I feel amazed that the poorest of the poor still have a smile on their face at the end of the day.

There has just been one main feeling to sum up my past 6 weeks here, I’ve felt alive.

The barbershop

It was time for me to head towards one of India’s favorite weekend hangout, the barbershop. Its funny how the different spectrum of people that the barbershop attracts.

You will always have the kid who is generally jumping off the wall, but as soon as he sits on that chair its like he might as well be in a coma. The fear of the scissors is all pervasive. You will also have the balding man hanging on to his old sense of self. Sure enough, in he walks asking the owner if his hair has grown enough to require a haircut which is obviously met with a resounding yes.

I sat down for a haircut, a shave and a good dose of tel maalish (oil massage). The burning aftershave did have me reminiscing the couple of layers of skin that I lost to the shave though. Ofcourse the tel maalish did wonders and I’ll really miss that part till I can visit a barbershop in India again.

Pune Week 3

Monday Lunch – Back to North Indian food at the norther frontier. Had kehwa for the first time and I can say I’m not a big fan of the tea served in the mountains up north.
Monday Dinner – Went to Bounty Sizzlers. Its been a while since I’ve had sizzlers and the food was scrumptious.

Tuesday Lunch – After passing by Burger Barn on numerous occasions, I finally tried the veggie burger with desi options and I can honestly say it was one of the best veggie burgers I’ve had.
Tuesday Dinner – Tried out italian at one of the places at the ABC farms. The pizza wasn’t all that terrible.

Wednesday Lunch – Went to casanova for a multi cuisine lunch.

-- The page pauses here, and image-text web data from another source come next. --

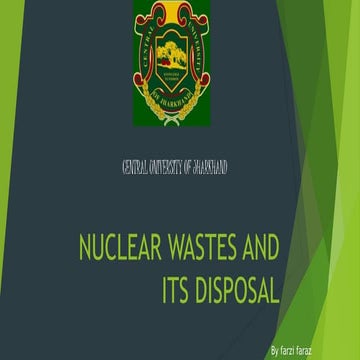 Nuclear wastes and its disposal my ppt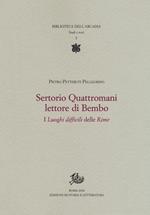 Sertorio Quattromani lettore di Bembo. I «Luoghi difficili» delle «Rime»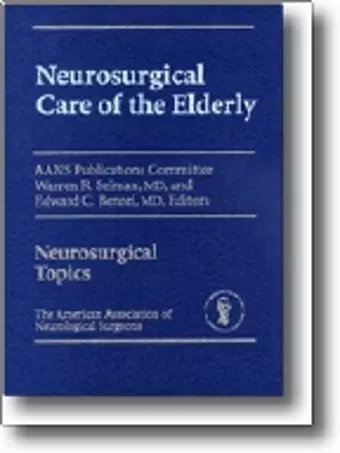 Neurosurgical Care of the Elderly cover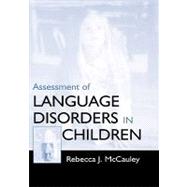 Assessment of Language Disorders in Children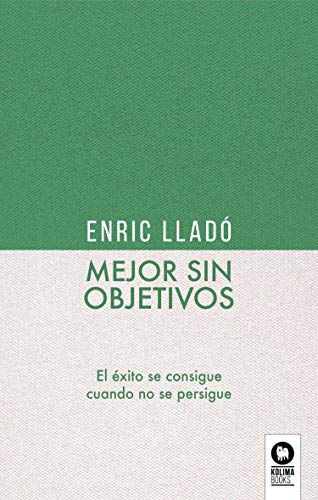 Stock image for Mejor sin objetivos: El �xito se consigue cuando no se persigue (Spanish Edition) for sale by Russell Books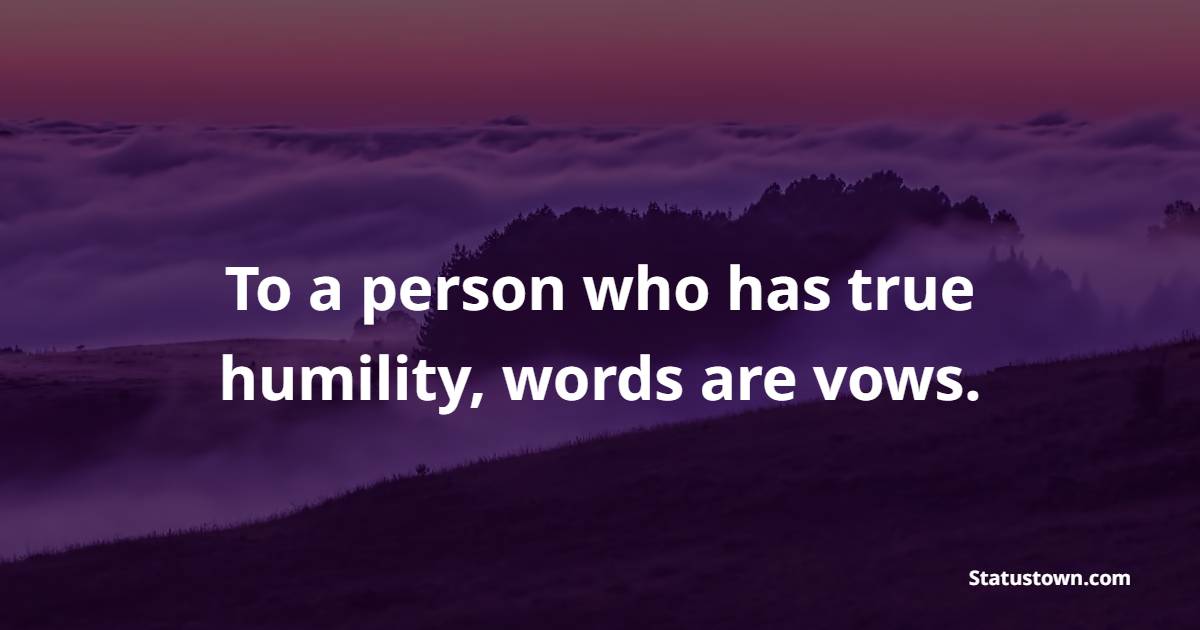 To a person who has true humility, words are vows.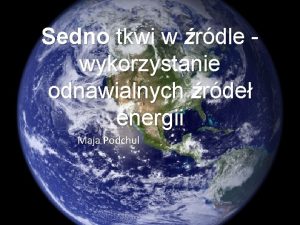 Sedno tkwi w rdle wykorzystanie odnawialnych rde energii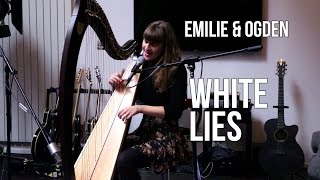 Emilie &amp; Ogden - White Lies | Acoustic live session in Paris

Make your own pasta had its charm and the buffet was generally good.
Wednesday Dinner – Didnt want to head out for dinner as I was engrossed in the cricket game and Mike was gracious enough to grab me a McVeggie from McDee’s.

Thursday Lunch – One last trip to Kathi Cottage to have a couple of kathi rolls. I’m going to miss this place the most.
Thursday Dinner – After a lot of searching we finally found the hidden Hard Rock Cafe. The food was so so but I can see the attraction for those who miss America. It was great to see Raju breeze past the security checks with utter disdain though we werent as lucky.

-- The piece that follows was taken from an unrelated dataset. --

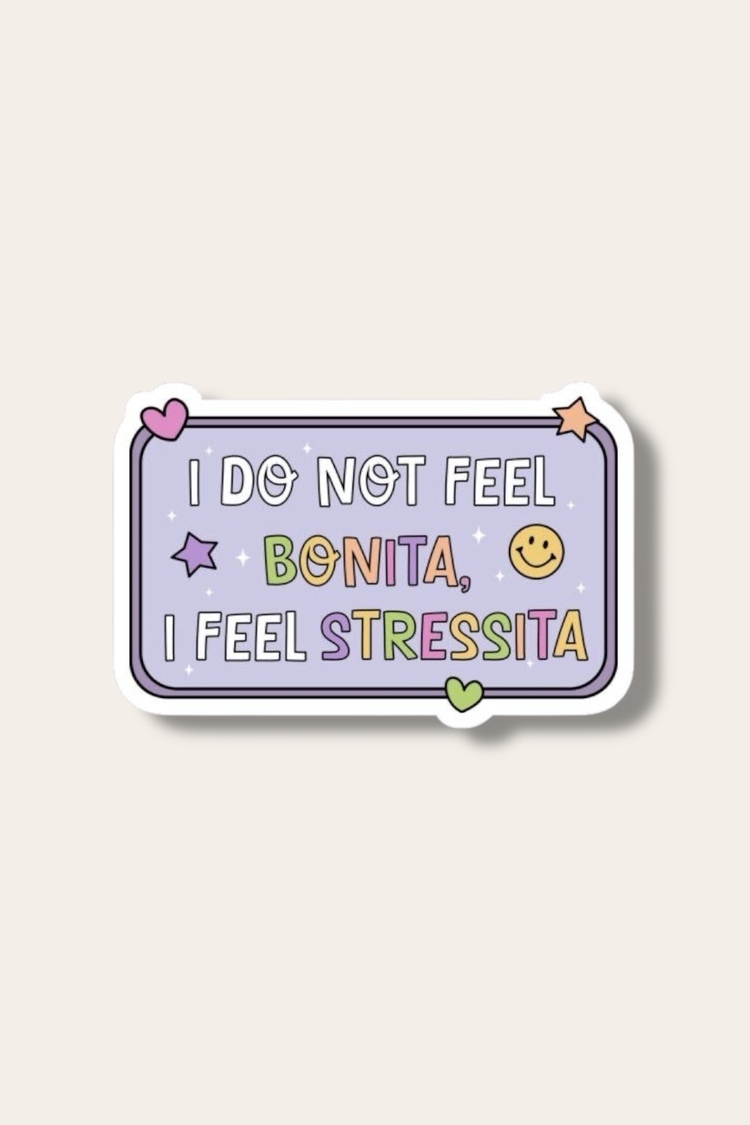 I don’t feel bonita Tekli Sticker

Friday Lunch – The last day of the pune leg of my trip saw us at the Great Punjab at Koregaon park. The food was amazing and the title seems well deserved.

Pune Week 2

Mon afternoon – Checked out Sanjeev Kapoor’s yellow chili at koregaon park, the food was bland and quite disappointing.
Mon night – Headed out of the City to the Rajasthani place called Choker Dani. The place is more like a theme park with a rajasthani theme. I am not a big fan of rajasthani cuisine but the entertainment value was pretty good. I actually had my hand read by an astrologer for the first time and all in all it was a good experience.
Tue afternoon – Lived across from Kalyani Veg and hadn’t tried it till now. Went for some dosas and the place lived up to its high expectations.
Tue night – Went to zafron in the IBM building. It has a nice rooftop deck with a great view of Kalyani nagar, food being quite ok.
Wed afternoon – After a break of a few days, headed back to Kathi crossing for a kathi roll. Stuck with the spicy aloo kathi roll, fantastic as usual.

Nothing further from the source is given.